Dataset content section start

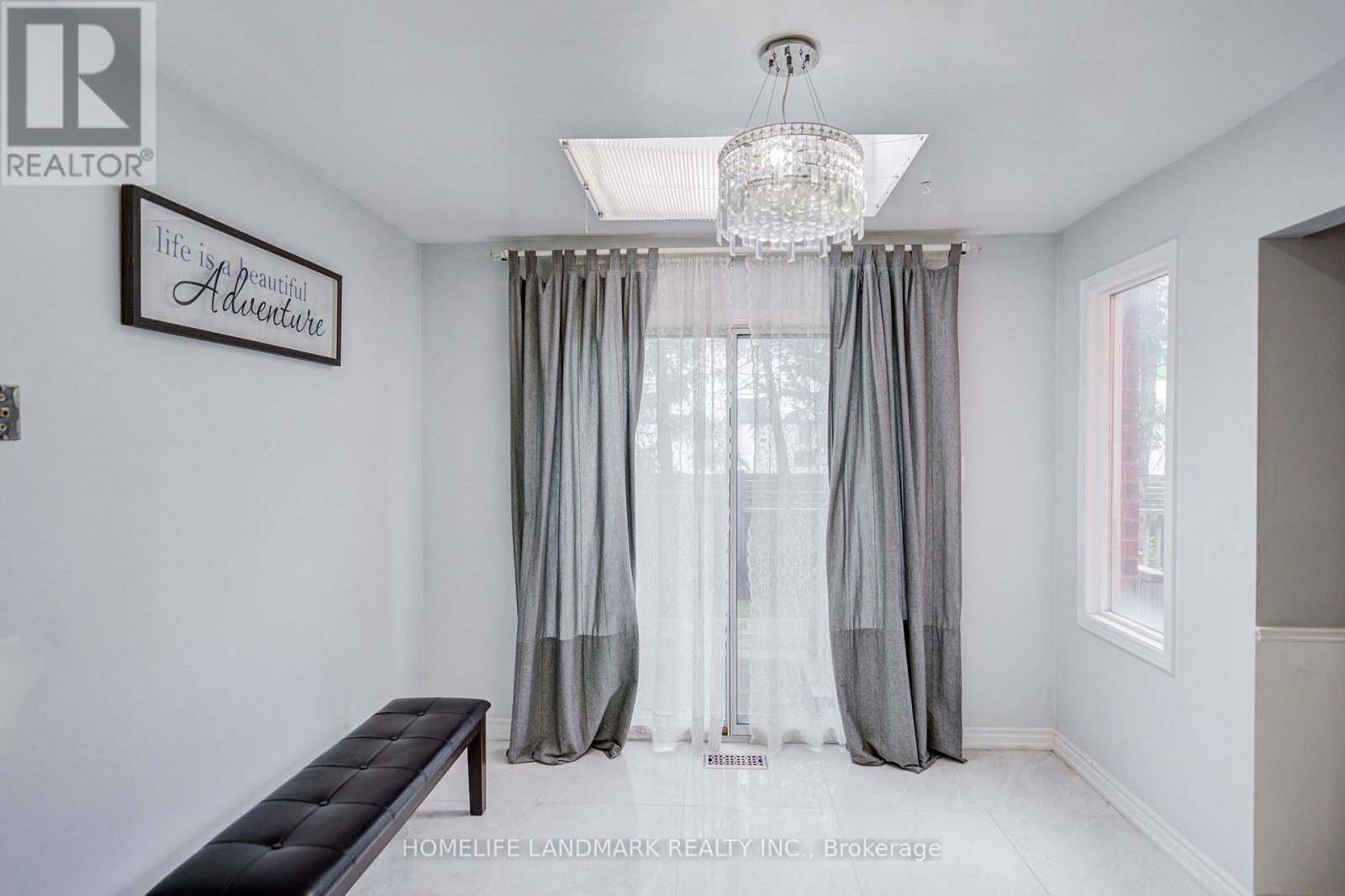 35 Royal Palm Drive, Vaughan, Ontario  L4J 5R4 - Photo 18 - N13653454
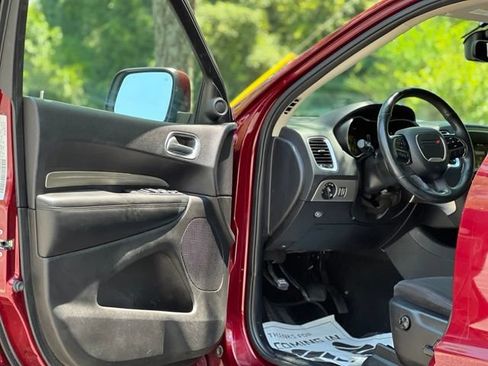 Used 2019 Dodge Durango SXT AWD/4WD image 9
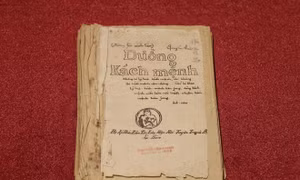 Những hình ảnh nổi bật tại trưng bày 'Ánh sáng từ Đường Kách mệnh'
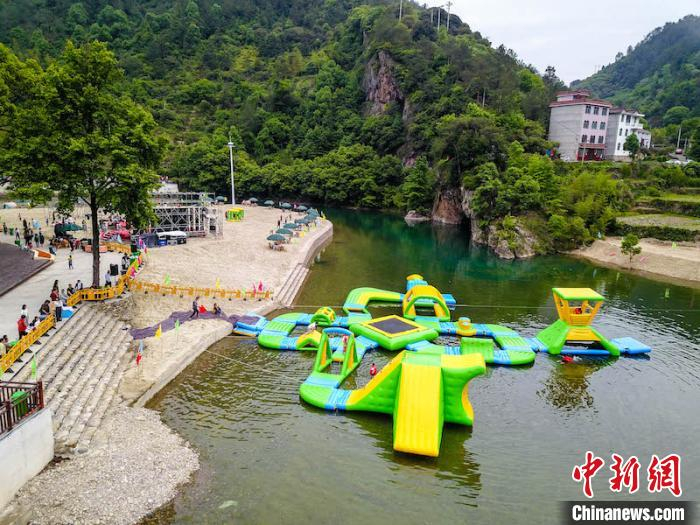黄泥墩村碧水湾。莲都宣传部提供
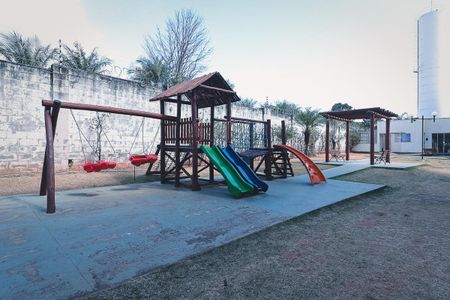 Apartamento à venda com 45m², 2 quartos e 1 vaga Apartamento à venda com 45m², 2 quartos e 1 vagaÁrea comum - Playground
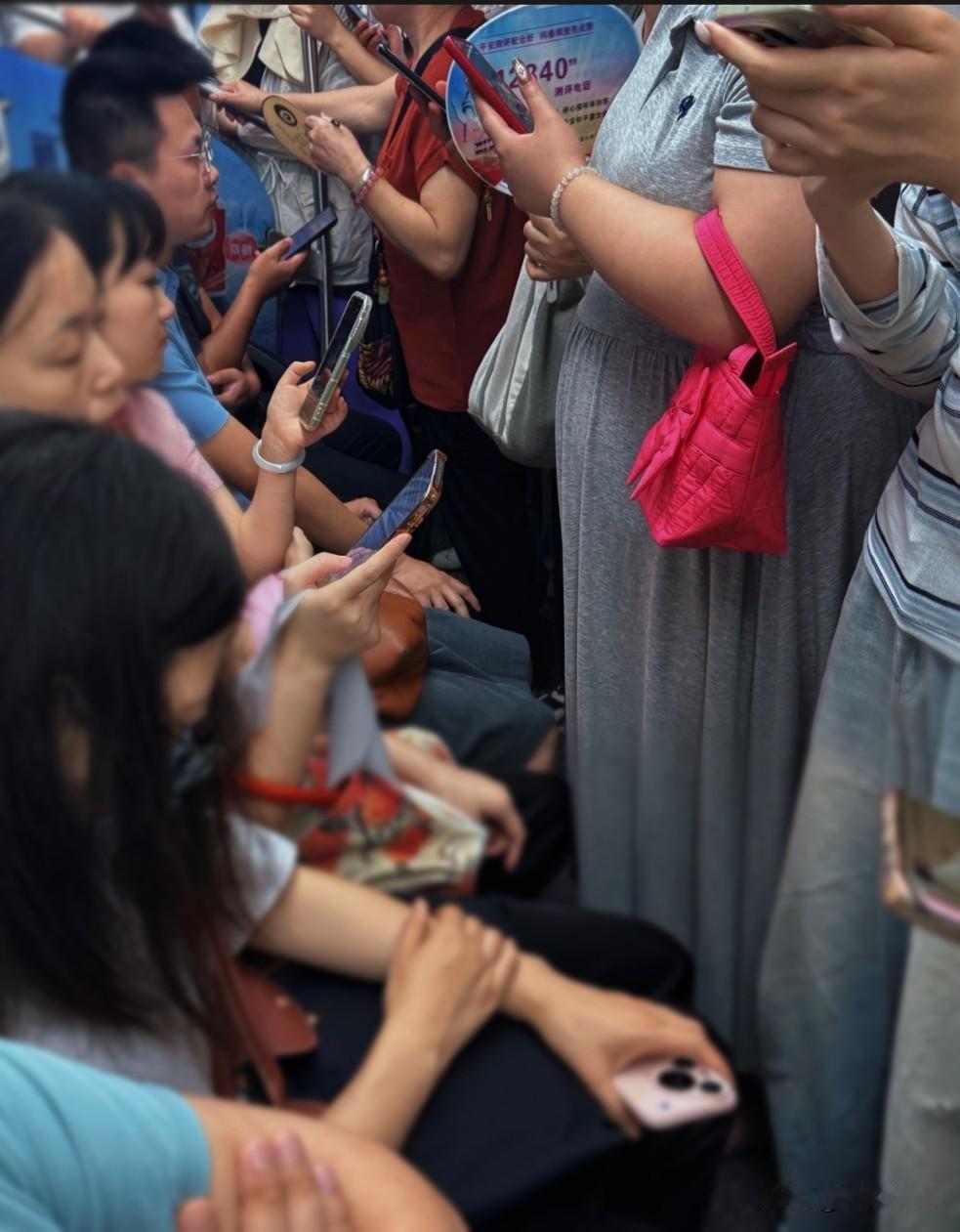 哎，离了手机咱还怎么活？[捂脸]
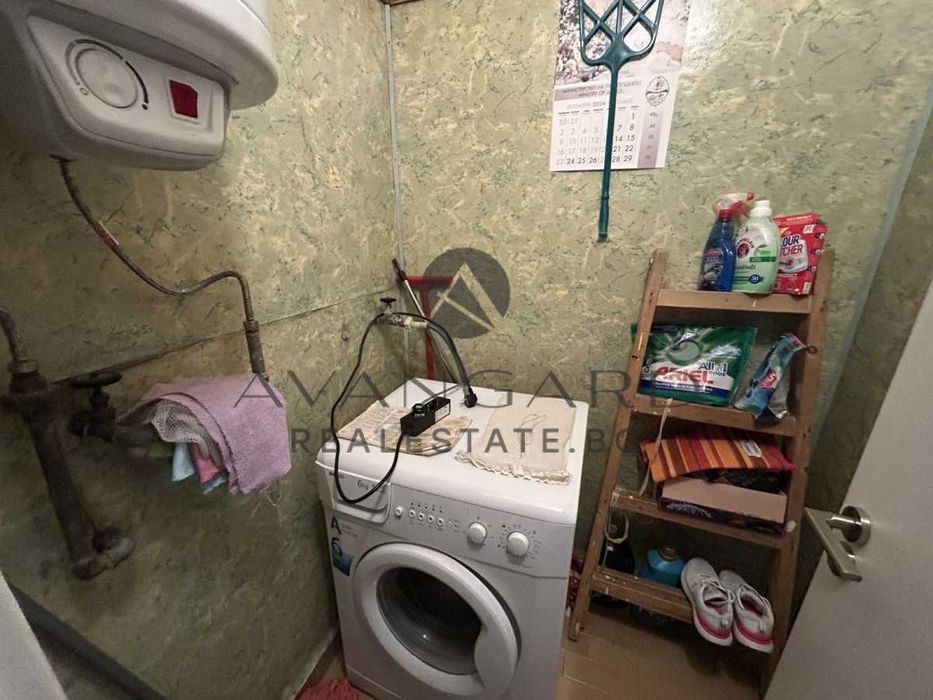 Продава се Тристаен апартамент в Пловдив, Кючук Париж - 84 кв.м за 1548 €/кв.м - Снимка #13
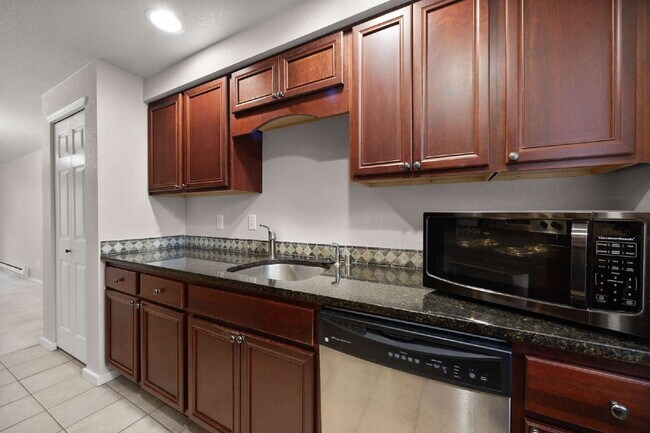 Building Photo - TOWNHOUSE IN KENT! Two story condo/townhouse 2 bedroom 1.5 bathroom TOWNHOUSE in Kent at Colonial...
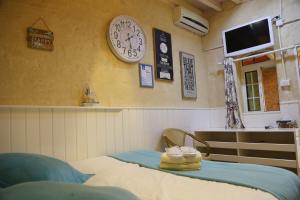 Gallery image of Byblos Fishing Club Guesthouse in Jbeil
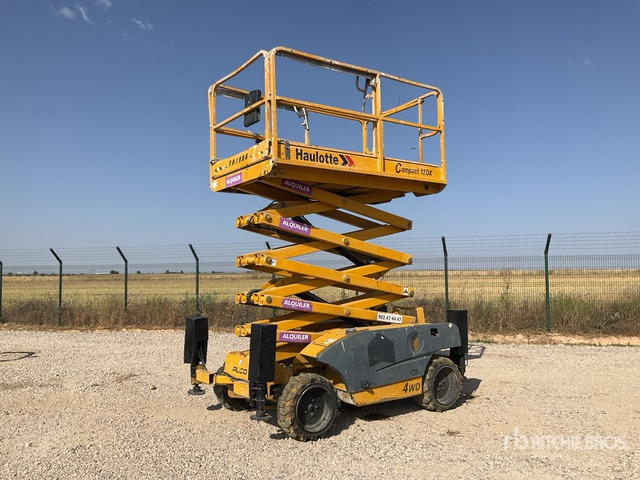 2005 Haulotte Compact12DX 4x4 Diesel Scissor Lift - Ножична работна платформа: снимка 1 2005 Haulotte Compact12DX 4x4 Diesel Scissor Lift - Ножична работна платформа: снимка 1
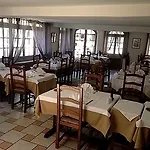 מלון De L'ours 4*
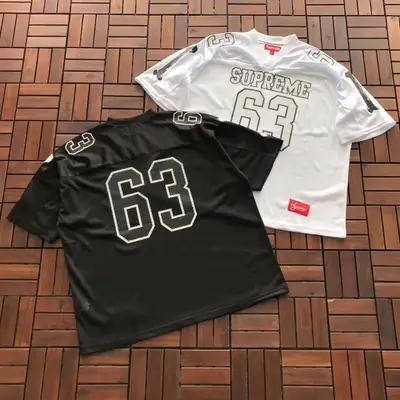 SUPREME T-Shirt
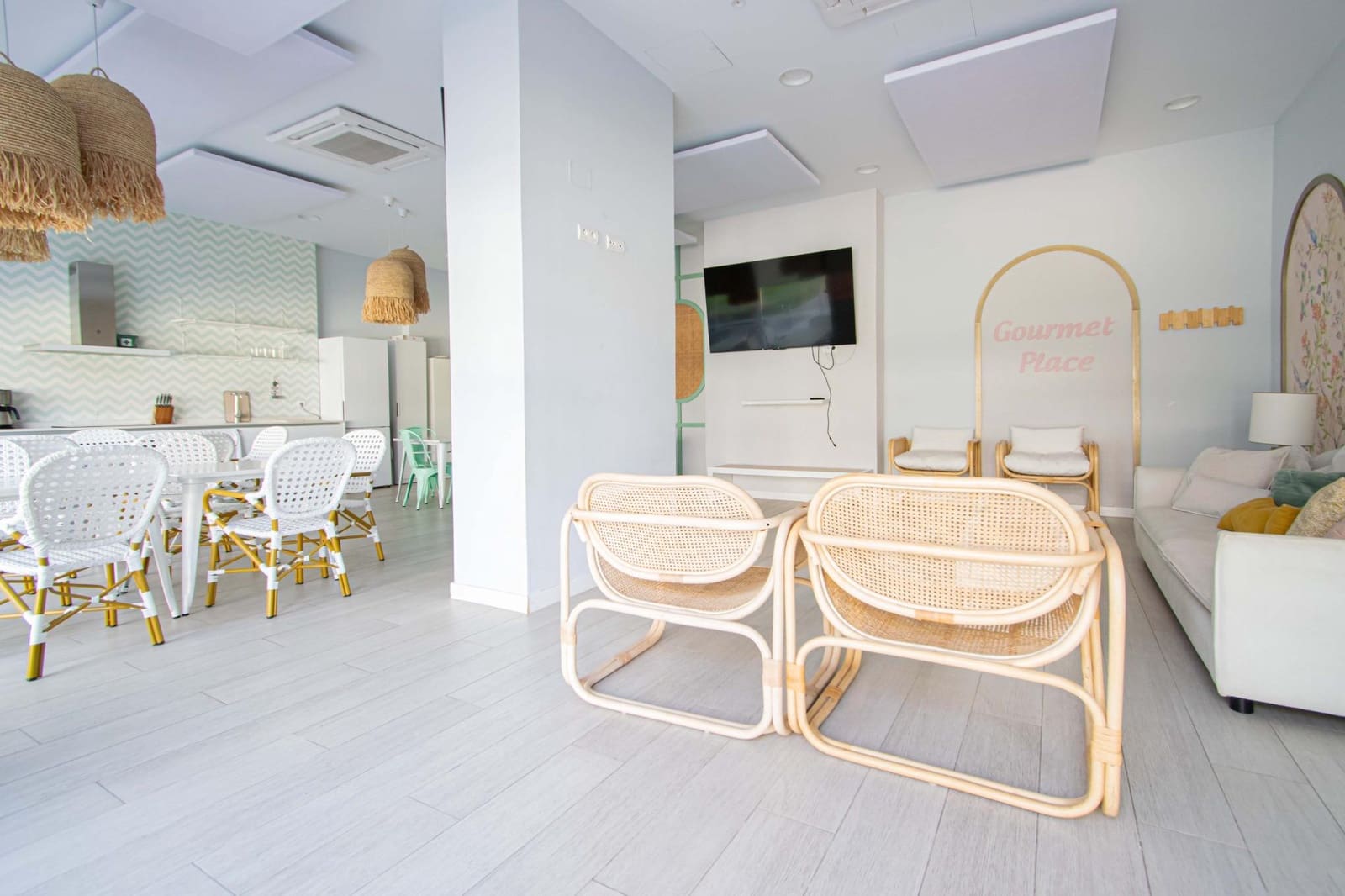 4 sypialnia Mieszkanie na sprzedaż w Miasto Sewilla z basenem garażem - 395 000 € (Ref: 9922372)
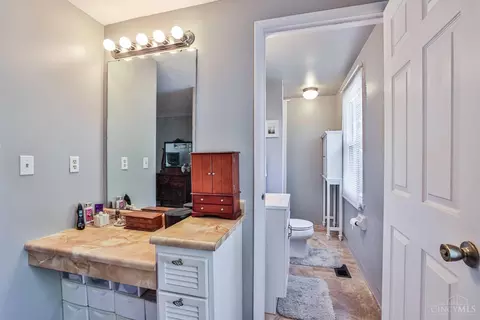 Bath - 4576 Brookview Dr, Batavia, OH 45103 photo 2 of 5
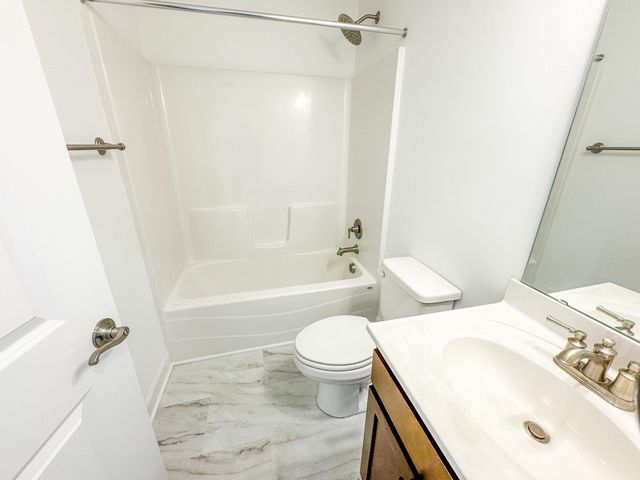 183 Broad ST, Daleville, VA 24083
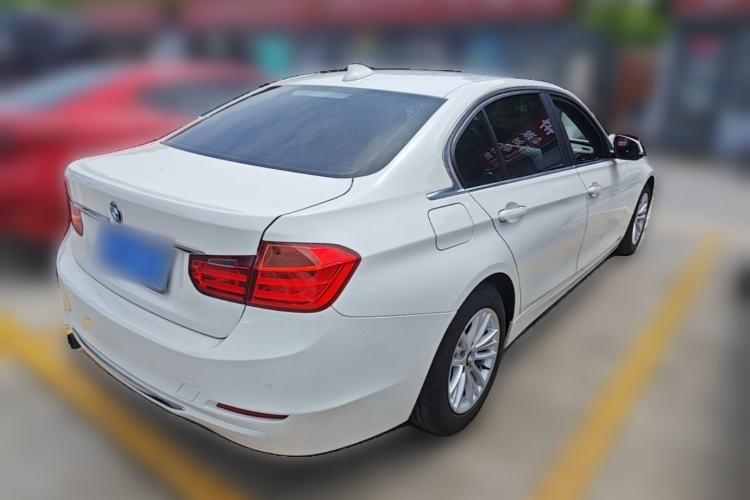 Used BMW 3 Series 2015 316Li Fashion Model Rear Right 45 Deg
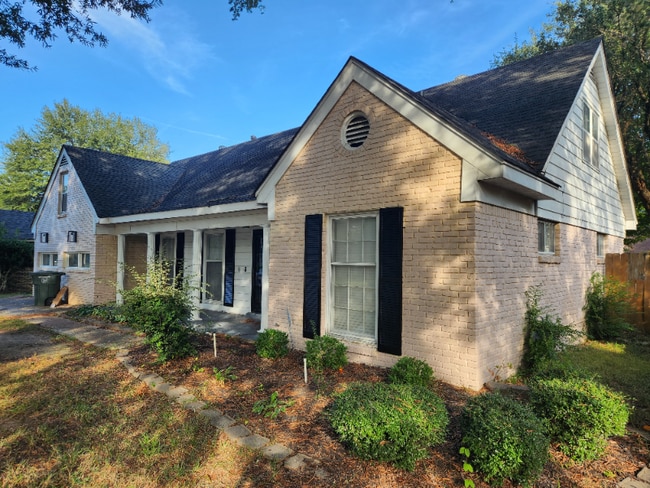 property at 3120 Darrow St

Dataset content section end

• [What this task involves]: Set down exactly and only the lines from the line that contains "Bath - 4576" through the last line of the entries above, with both of those lines included and the pictures left out.

• [Solution for this task]:
 Bath - 4576 Brookview Dr, Batavia, OH 45103 photo 2 of 5
 183 Broad ST, Daleville, VA 24083
 Used BMW 3 Series 2015 316Li Fashion Model Rear Right 45 Deg
 property at 3120 Darrow St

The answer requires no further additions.